From the entries below, please output exactly the lines starting at the one containing "电机站。等距3d景观与环保汽车" and ending at the one containing "Festive Monster Truck", both included.

[Crawled caption data]
-------

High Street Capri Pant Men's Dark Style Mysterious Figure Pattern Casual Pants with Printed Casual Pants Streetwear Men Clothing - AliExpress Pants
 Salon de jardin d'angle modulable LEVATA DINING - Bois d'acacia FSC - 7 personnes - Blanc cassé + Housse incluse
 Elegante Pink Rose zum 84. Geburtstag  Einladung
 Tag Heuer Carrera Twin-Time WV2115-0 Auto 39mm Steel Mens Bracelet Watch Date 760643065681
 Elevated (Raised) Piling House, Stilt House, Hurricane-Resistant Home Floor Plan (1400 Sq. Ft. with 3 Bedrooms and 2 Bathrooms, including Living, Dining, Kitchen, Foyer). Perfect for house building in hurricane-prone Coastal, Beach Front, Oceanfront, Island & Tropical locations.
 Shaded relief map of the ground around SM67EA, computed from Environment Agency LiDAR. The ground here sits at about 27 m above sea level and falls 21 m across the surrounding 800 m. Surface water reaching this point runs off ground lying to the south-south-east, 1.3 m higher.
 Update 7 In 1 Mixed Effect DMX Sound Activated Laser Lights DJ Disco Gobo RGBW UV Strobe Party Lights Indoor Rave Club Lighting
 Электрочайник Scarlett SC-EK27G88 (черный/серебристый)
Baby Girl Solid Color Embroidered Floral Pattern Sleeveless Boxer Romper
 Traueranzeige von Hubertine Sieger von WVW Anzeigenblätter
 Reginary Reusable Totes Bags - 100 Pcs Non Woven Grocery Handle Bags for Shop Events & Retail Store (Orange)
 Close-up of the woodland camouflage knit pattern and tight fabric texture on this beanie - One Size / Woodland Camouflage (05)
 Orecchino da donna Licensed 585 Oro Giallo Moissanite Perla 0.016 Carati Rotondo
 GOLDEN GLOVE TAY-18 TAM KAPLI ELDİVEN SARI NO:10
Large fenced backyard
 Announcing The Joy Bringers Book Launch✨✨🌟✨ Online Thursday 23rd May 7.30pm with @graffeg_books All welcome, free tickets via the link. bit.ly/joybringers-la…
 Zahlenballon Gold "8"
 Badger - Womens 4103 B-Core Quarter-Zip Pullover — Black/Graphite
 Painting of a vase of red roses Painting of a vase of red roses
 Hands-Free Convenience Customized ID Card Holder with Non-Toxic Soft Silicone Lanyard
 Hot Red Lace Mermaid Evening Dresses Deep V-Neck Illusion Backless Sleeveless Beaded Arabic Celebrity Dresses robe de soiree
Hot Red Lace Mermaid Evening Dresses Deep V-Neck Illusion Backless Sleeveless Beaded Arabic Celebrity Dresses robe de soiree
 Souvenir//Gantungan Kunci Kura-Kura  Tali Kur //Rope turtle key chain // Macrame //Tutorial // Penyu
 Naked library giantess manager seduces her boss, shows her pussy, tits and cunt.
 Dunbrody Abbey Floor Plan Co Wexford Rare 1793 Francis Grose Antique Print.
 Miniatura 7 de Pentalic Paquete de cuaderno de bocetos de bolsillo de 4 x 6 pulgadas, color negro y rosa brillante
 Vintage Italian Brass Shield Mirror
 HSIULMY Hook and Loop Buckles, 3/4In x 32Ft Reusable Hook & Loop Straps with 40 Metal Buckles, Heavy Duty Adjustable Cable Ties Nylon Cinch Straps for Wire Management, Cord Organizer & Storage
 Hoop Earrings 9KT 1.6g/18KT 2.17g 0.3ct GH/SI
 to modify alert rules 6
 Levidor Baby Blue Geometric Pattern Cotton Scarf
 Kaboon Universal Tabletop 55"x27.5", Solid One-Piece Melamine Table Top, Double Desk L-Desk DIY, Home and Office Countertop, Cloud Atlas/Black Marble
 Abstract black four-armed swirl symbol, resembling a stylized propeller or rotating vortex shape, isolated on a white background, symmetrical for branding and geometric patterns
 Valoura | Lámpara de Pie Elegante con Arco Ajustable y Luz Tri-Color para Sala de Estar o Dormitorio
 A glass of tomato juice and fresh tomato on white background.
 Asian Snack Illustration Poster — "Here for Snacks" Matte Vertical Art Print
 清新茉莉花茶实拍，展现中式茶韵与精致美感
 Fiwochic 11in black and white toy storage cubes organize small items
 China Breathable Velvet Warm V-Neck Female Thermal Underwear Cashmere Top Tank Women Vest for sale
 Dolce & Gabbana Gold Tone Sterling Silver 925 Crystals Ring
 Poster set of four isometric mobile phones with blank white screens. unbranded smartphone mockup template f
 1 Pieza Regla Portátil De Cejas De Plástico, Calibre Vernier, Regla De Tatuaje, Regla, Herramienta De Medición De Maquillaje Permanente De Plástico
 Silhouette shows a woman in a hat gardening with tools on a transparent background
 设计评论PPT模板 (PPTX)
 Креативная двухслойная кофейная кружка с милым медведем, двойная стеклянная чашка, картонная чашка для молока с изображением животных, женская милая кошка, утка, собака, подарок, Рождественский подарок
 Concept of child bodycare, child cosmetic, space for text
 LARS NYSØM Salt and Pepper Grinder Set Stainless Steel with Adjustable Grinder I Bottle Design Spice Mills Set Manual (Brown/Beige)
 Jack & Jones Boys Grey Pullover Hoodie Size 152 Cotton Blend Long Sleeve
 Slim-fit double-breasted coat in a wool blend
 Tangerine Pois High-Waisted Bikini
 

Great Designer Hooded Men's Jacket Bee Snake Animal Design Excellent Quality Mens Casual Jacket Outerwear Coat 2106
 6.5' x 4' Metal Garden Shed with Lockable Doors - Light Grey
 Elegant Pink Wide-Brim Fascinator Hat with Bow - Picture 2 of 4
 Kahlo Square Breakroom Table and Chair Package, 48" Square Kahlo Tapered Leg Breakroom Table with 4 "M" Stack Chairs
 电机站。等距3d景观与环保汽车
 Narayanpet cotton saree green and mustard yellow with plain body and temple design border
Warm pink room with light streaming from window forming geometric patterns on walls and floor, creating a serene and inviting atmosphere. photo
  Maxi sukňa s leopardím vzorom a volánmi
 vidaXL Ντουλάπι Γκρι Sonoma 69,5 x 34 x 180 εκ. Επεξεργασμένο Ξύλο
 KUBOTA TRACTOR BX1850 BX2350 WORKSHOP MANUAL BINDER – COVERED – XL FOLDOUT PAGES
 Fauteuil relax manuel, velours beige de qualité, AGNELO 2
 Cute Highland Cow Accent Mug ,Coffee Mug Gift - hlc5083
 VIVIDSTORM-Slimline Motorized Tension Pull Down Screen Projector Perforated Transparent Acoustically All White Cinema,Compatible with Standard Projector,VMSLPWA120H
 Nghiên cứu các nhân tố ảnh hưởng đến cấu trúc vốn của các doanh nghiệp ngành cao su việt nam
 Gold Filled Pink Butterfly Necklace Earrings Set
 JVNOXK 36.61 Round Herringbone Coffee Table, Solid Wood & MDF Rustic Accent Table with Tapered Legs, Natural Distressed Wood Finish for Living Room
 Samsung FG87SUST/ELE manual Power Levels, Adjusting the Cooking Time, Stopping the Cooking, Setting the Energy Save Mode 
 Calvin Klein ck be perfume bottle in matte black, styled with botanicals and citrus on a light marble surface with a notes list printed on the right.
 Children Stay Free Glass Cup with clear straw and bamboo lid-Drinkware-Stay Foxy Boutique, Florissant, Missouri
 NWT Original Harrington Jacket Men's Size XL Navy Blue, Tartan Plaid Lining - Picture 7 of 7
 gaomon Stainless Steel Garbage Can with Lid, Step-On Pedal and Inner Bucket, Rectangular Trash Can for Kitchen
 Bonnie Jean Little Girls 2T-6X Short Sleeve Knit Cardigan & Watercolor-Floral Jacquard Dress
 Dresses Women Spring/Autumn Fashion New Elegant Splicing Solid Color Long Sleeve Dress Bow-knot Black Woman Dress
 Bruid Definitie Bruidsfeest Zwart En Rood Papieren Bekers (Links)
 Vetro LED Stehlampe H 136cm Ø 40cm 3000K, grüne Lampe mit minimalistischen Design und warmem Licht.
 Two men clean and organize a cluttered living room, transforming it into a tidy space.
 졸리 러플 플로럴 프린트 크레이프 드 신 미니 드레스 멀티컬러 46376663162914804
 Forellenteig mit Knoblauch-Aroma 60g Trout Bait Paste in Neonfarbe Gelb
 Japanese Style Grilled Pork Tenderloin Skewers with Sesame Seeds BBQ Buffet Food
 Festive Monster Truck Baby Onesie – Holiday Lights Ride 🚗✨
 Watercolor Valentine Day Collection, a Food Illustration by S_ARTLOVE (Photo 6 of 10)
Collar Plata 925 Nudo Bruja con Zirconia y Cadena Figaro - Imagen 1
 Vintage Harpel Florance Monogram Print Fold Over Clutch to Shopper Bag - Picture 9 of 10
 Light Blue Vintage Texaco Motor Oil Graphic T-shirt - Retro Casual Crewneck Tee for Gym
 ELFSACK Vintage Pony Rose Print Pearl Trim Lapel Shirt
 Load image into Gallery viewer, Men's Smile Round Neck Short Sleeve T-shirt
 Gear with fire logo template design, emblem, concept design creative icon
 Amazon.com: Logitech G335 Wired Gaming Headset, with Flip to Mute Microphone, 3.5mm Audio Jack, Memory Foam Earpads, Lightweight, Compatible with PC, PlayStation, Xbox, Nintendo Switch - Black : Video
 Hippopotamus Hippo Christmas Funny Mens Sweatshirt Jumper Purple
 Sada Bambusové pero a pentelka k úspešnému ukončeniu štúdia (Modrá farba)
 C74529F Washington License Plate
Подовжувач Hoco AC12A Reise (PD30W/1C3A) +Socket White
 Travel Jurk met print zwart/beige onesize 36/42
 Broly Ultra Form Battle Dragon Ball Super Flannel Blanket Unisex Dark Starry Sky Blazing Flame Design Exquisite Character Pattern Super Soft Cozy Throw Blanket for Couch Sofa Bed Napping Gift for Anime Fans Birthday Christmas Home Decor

-------

Answer space
 电机站。等距3d景观与环保汽车
 Narayanpet cotton saree green and mustard yellow with plain body and temple design border
Warm pink room with light streaming from window forming geometric patterns on walls and floor, creating a serene and inviting atmosphere. photo
  Maxi sukňa s leopardím vzorom a volánmi
 vidaXL Ντουλάπι Γκρι Sonoma 69,5 x 34 x 180 εκ. Επεξεργασμένο Ξύλο
 KUBOTA TRACTOR BX1850 BX2350 WORKSHOP MANUAL BINDER – COVERED – XL FOLDOUT PAGES
 Fauteuil relax manuel, velours beige de qualité, AGNELO 2
 Cute Highland Cow Accent Mug ,Coffee Mug Gift - hlc5083
 VIVIDSTORM-Slimline Motorized Tension Pull Down Screen Projector Perforated Transparent Acoustically All White Cinema,Compatible with Standard Projector,VMSLPWA120H
 Nghiên cứu các nhân tố ảnh hưởng đến cấu trúc vốn của các doanh nghiệp ngành cao su việt nam
 Gold Filled Pink Butterfly Necklace Earrings Set
 JVNOXK 36.61 Round Herringbone Coffee Table, Solid Wood & MDF Rustic Accent Table with Tapered Legs, Natural Distressed Wood Finish for Living Room
 Samsung FG87SUST/ELE manual Power Levels, Adjusting the Cooking Time, Stopping the Cooking, Setting the Energy Save Mode 
 Calvin Klein ck be perfume bottle in matte black, styled with botanicals and citrus on a light marble surface with a notes list printed on the right.
 Children Stay Free Glass Cup with clear straw and bamboo lid-Drinkware-Stay Foxy Boutique, Florissant, Missouri
 NWT Original Harrington Jacket Men's Size XL Navy Blue, Tartan Plaid Lining - Picture 7 of 7
 gaomon Stainless Steel Garbage Can with Lid, Step-On Pedal and Inner Bucket, Rectangular Trash Can for Kitchen
 Bonnie Jean Little Girls 2T-6X Short Sleeve Knit Cardigan & Watercolor-Floral Jacquard Dress
 Dresses Women Spring/Autumn Fashion New Elegant Splicing Solid Color Long Sleeve Dress Bow-knot Black Woman Dress
 Bruid Definitie Bruidsfeest Zwart En Rood Papieren Bekers (Links)
 Vetro LED Stehlampe H 136cm Ø 40cm 3000K, grüne Lampe mit minimalistischen Design und warmem Licht.
 Two men clean and organize a cluttered living room, transforming it into a tidy space.
 졸리 러플 플로럴 프린트 크레이프 드 신 미니 드레스 멀티컬러 46376663162914804
 Forellenteig mit Knoblauch-Aroma 60g Trout Bait Paste in Neonfarbe Gelb
 Japanese Style Grilled Pork Tenderloin Skewers with Sesame Seeds BBQ Buffet Food
 Festive Monster Truck Baby Onesie – Holiday Lights Ride 🚗✨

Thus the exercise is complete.